Homework #1

CMP 464-C401/MAT 456-01:
Topics Course: Data Science
Spring 2016

Topics: Simple plots using matplotlib, scraping data from WeatherUnderground
Deadline: Thursday, 11 February 2016, 10:30am

Getting Started with matplotlib

This homework uses matplotlib which is available with anaconda or visit matplotlib.

If you would prefer not to upgrade your Python installation (or would like to work through a browswer), there are several web-based services. One that already has the libraries were are using is PythonAnywhere.

Weather Data

Built-in to Python are functions for downloading pages ('scraping data') directly from the web. We will use the urllib2 library to plot historical weather data.

We will use just one function from urllib2, urlopen(), which takes as input a URL (uniform record locator of a web page) and opens the page for reading. The format is:

	import urllib2
	page = urllib2.urlopen("http://lehman.edu")
Once the page variable is set up, it can be used just like a file variable. For example, you can read all the lines into a list of strings:
	lines = page.readlines()
in the same way as a file.

We can also combine data from multiple pages into a single program. We will use Weather Underground's historical weather data to plot temperatures. The idea is:

The hard part is figuring out the URL for the webpages. Let's look at the URLs

http://www.wunderground.com/history/airport/KLGA/2000/02/02/DailyHistory
http://www.wunderground.com/history/airport/KLGA/2001/02/02/DailyHistory
http://www.wunderground.com/history/airport/KLGA/2002/02/02/DailyHistory
http://www.wunderground.com/history/airport/KLGA/2003/02/02/DailyHistory
http://www.wunderground.com/history/airport/KLGA/2004/02/02/DailyHistory

The only thing that changes is the year, the suffix before it and the prefix after it stay the same. Let's store those in variables and then loop through the years:

    prefix = "http://www.wunderground.com/history/airport/KLGA/"
    suffix = "/07/07/DailyHistory"
    for year in range(2000,2015):
        url = prefix+str(year)+suffix
        ...

Each time through the loop, the url variable will hold the prefix+str(year)+suffix.

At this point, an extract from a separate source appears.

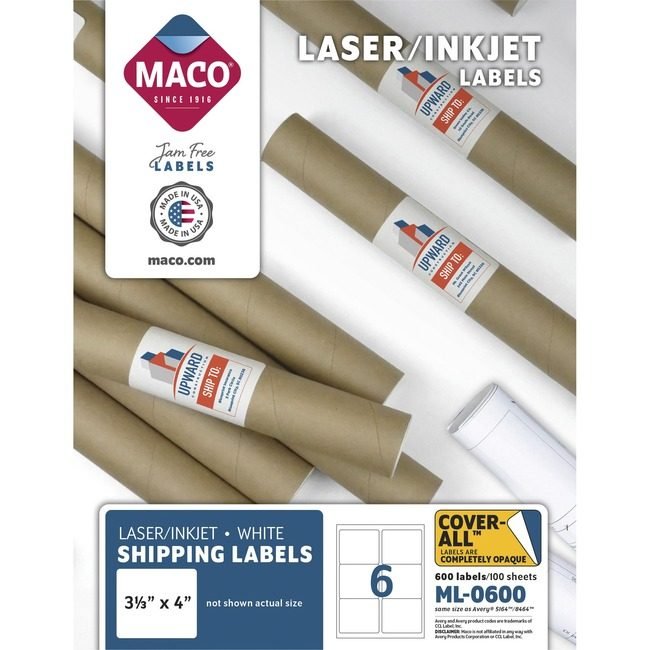 Chartpak, Inc. Maco Label Lsr 3-1/3X4 We MACML-0600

Try running the program, weather.py and then start the assignment.

Assignment

The work to be submitted differs by whether you are enrolled in the computer science or mathematics course.

CMP 464 Homework: MAT 456 Homework:
#1-2 Using the above as a starting point, use matplotlib to produce a plot of the high temperature over the last 25 years for your birthday. For example, if you were born on February 2, then your plot would be the same as the first plot of the sample program weather.py. Make sure to change the title of your plot to include your name and birthday.

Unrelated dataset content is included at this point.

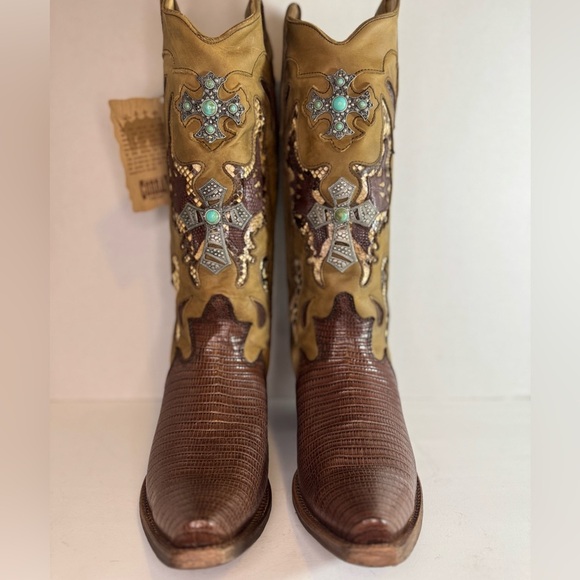 corral Shoes - Corral  Ladies Boots, Chocolate Teju Lizard Boot, Jeweled Size 10 1/2 M.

#1: Submit your Python program as a .py file.
#2: Submit a screen shot of the graphics window containing the plot.

Note: You will use this same data set below. Since scraping the data takes the most time of running the program, save it and use it again for the programs.
#3-4 Modify the above program to plot both the minimum and maximum temperature for the last 25 years for your birthday.

#3: Submit your Python program as a .py file.
#4: Submit a screen shot of the graphics window containing the plot.
Using the data you collected, compute the average high temperature for your birthday over the last 20 years. Plot the maximum temperature from above as well as a constant line representing the average temperature (i.e. y = ave).

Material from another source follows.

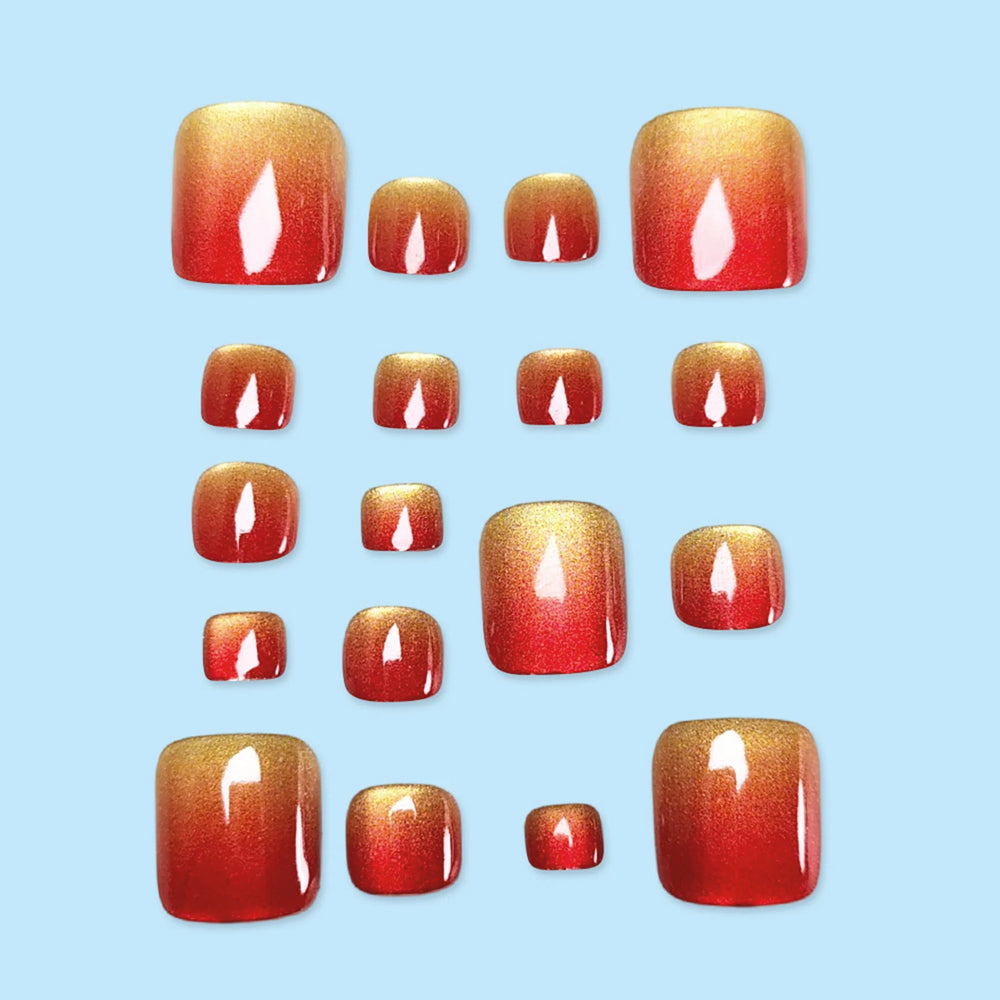 Wine Red Cat-Eye Gold Shimmer Press-On Toenails – Short Square, 24 Pcs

#3: Submit your Python program as a .py file.
#4: Submit a screen shot of the graphics window containing the plot.
#5-6 Collect the minimum temperatures for January 2016. Display the collected data as a histogram.

#5: Submit your Python program as a .py file.
#6: Submit a screen shot of the graphics window containing the plot.

Submitting Homework

To submit your homework, log on to the Blackboard system, and go to "Homework". For each part of the homework, there is a separate input box. You may submit the homework as many times as you would like before the deadline.